Nuova linfa dalle periferie
L'attenzione alle periferie si concretizza nelle scelte delle mete dei viaggi pontifici. Uno dei maestri spirituali di Bergoglio, il generale dei gesuiti Pedro Arrupe (1907-1991), fece della periferia il suo mondo. Nei ventisette anni passati in Giappone, Arrupe comprese che i gesuiti dovevano lasciarsi evangelizzare dalle periferie, ridimensionare il centralismo romano e andare incontro alle esigenze emergenti nei luoghi più poveri ed emarginati. Appena eletto generale (1965), in pieno Concilio Vaticano II, Arrupe scelse come meta dei primi viaggi pastorali l’India e l’Africa. Da simili realtà sarebbero potuti arrivare gli esempi necessari al rinnovamento della Chiesa. Uno di questi esempi è stato proclamato a gran voce da papa Francesco che del popolo albanese ha elogiato la capacità di vivere non in tolleranza, ma in fratellanza. Un paese nel quale la maggioranza islamica (55-60% della popolazione, a seconda delle stime) e le minoranze ortodossa (15-20%) e cattolica (12-15%) collaborano in spirito di fratellanza merita di essere preso a modello, ha detto il papa. Nel denunciare con forza il sacrilegio delle uccisioni in nome di Dio, ha ricordato come negli anni della dittatura di Hoxha (1944-1985) i martiri per la fede non siano stati solo cattolici, ma anche musulmani e ortodossi: nella condivisione delle memorie sofferte, dunque, le religioni possono trovare linfa per la convivenza fraterna.
Incontro ai poveri
The Guardian, come diverse altre testate giornalistiche, ha messo in evidenza la portata simbolica del viaggio di Francesco, che ha scelto come meta del primo viaggio europeo non “una delle grandi potenze cattoliche del continente”, ma un paese “minuscolo” e fortemente colpito dal problema dell’indigenza. Tale preferenza starebbe a indicare la volontà del papato di “dare priorità ai poveri e agli emarginati”. Nei discorsi tenuti domenica tale priorità non è stata certo dimenticata: Bergoglio ha ricordato l’urgenza di far fronte ai bisogni dei poveri, ha auspicato che alla globalizzazione dei mercati corrisponda una globalizzazione della solidarietà, ha invitato a scegliere il bene, che al contrario di un denaro che delude infinitamente appaga.

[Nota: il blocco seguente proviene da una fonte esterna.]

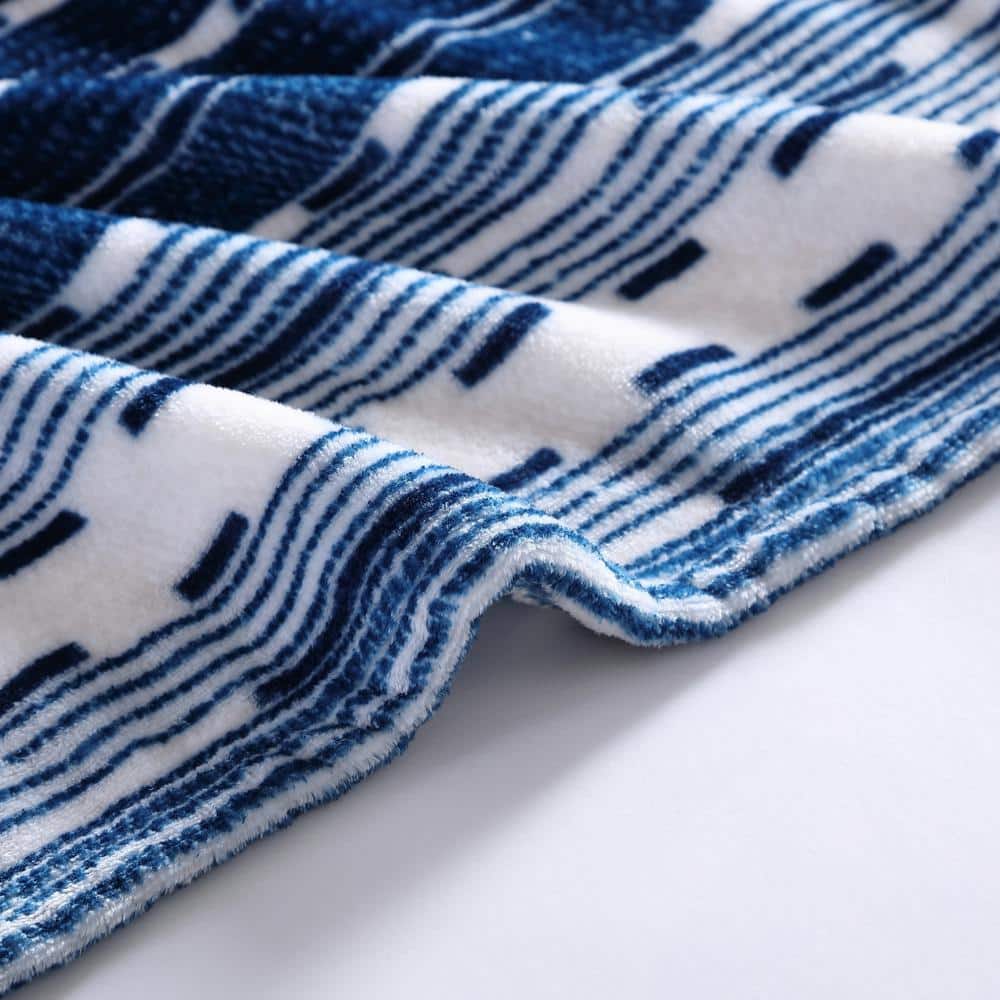 Logan Blue Reversible Fleece Throw Blanket 50"x60"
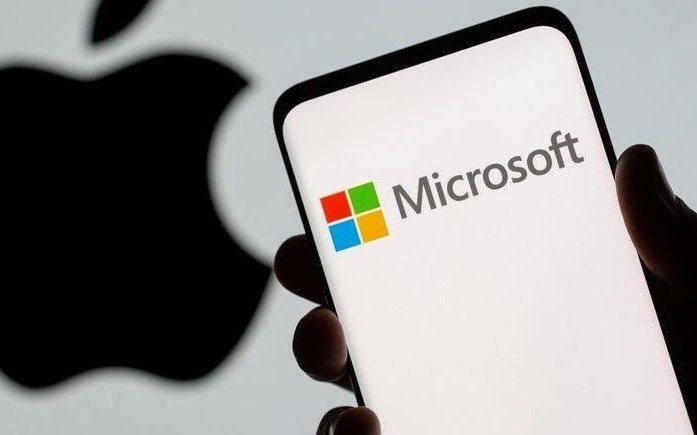 Apple на пути к тому, чтобы передать Microsoft корону самой дорогой компании в мире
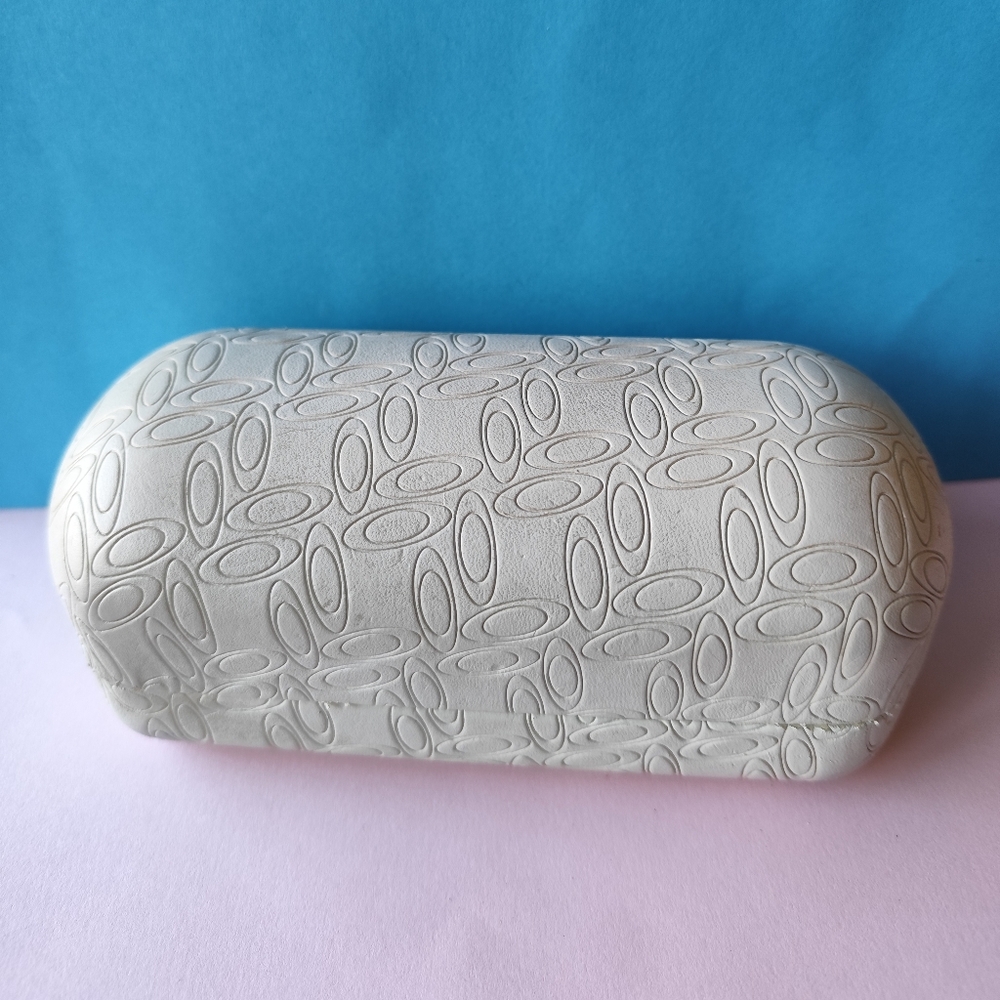 3/$25💙Oakley Sunglasses Hard Clamshell Case White Embossed Logo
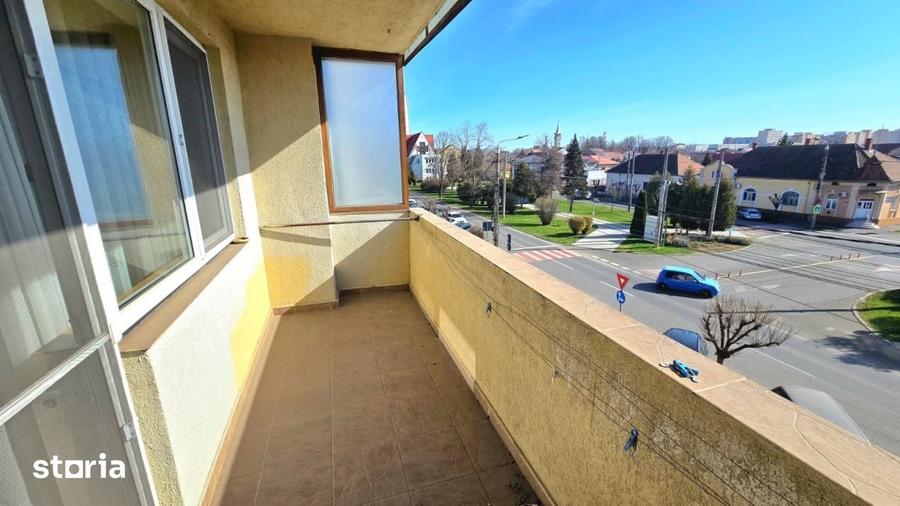 Apartament cu 3 camere în Micro 14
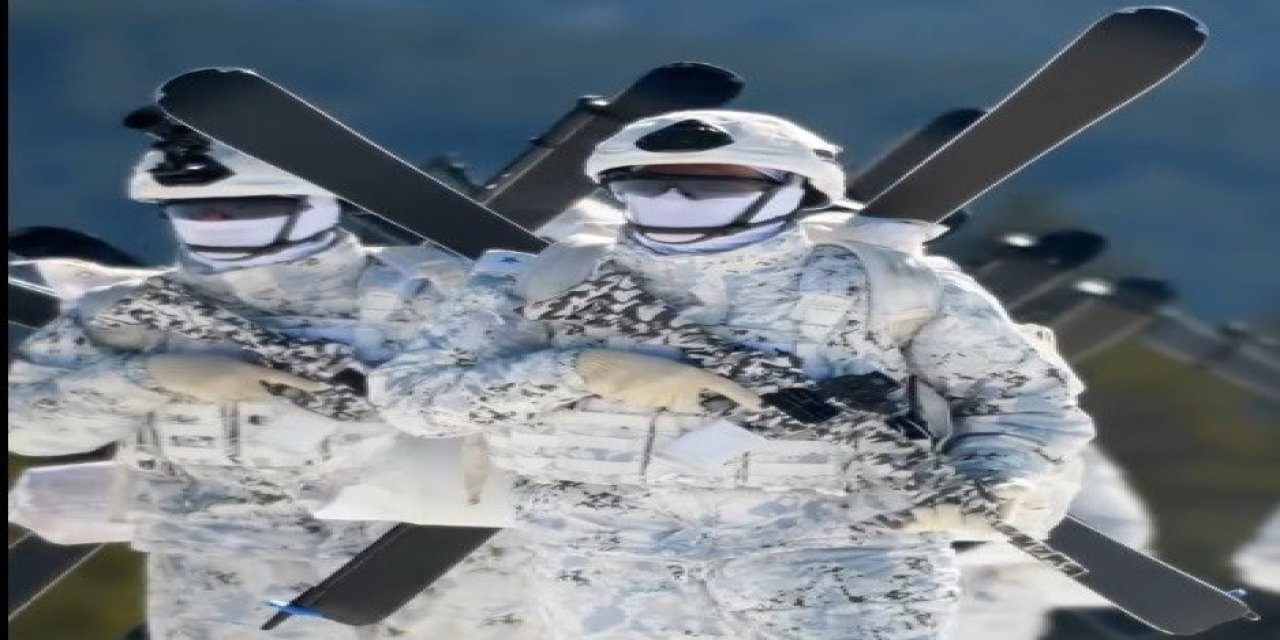 MSB komandoların Sarıkamış'ta dondurucu soğuktaki tatbikatını paylaştı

Sembra di poter dire che le linee programmatiche di questo pontificato abbiamo incontrato il favore della gente, non solo della maggioranza dei cattolici ma anche di quella degli esponenti di altre religioni (molti sono, per esempio, i musulmani albanesi che hanno pubblicamente dichiarato di pregare per il capo della Chiesa cattolica) o di chi in nessuna fede si riconosce. È molto probabile che tale apprezzamento sia da collegare alla carica umana e carismatica di Francesco, ma sarebbe ingiusto non dare rilevanza anche al suo progetto di Chiesa, un lavoro in corso che trova le sue radici nella storia e si apre a un futuro di rinnovamento per il quale molti si attendono passi nuovi e, perché no, sorprendenti.